What to produce: Leaving out every picture, copy the lines of the material below exactly, from the line containing "МИКАРДИСПЛЮС (MICARDISPLUS) 80" through the line containing "115Pcs Precision Screwdriver".

Given records:
-*-*-
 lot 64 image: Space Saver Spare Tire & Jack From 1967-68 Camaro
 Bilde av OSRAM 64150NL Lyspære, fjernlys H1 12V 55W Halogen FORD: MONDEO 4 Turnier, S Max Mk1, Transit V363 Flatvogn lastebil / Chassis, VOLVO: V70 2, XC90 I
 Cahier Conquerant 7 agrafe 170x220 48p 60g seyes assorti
-*-*-
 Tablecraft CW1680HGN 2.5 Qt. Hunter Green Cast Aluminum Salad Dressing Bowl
-*-*-
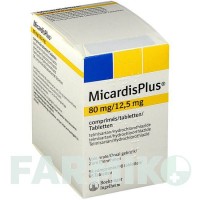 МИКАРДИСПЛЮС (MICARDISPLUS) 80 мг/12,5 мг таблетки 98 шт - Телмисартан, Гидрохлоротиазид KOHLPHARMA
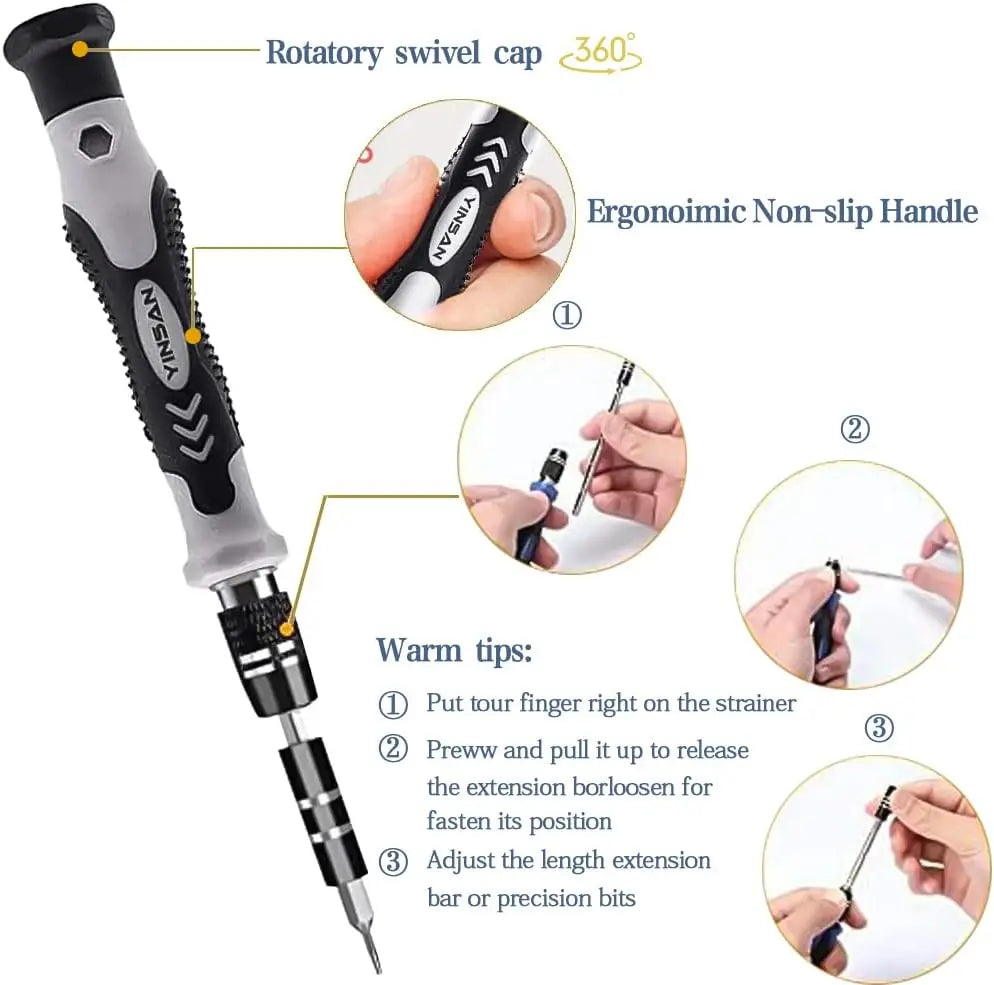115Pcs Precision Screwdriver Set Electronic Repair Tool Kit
-*-*-
Result of the exercise:
 МИКАРДИСПЛЮС (MICARDISPLUS) 80 мг/12,5 мг таблетки 98 шт - Телмисартан, Гидрохлоротиазид KOHLPHARMA
115Pcs Precision Screwdriver Set Electronic Repair Tool Kit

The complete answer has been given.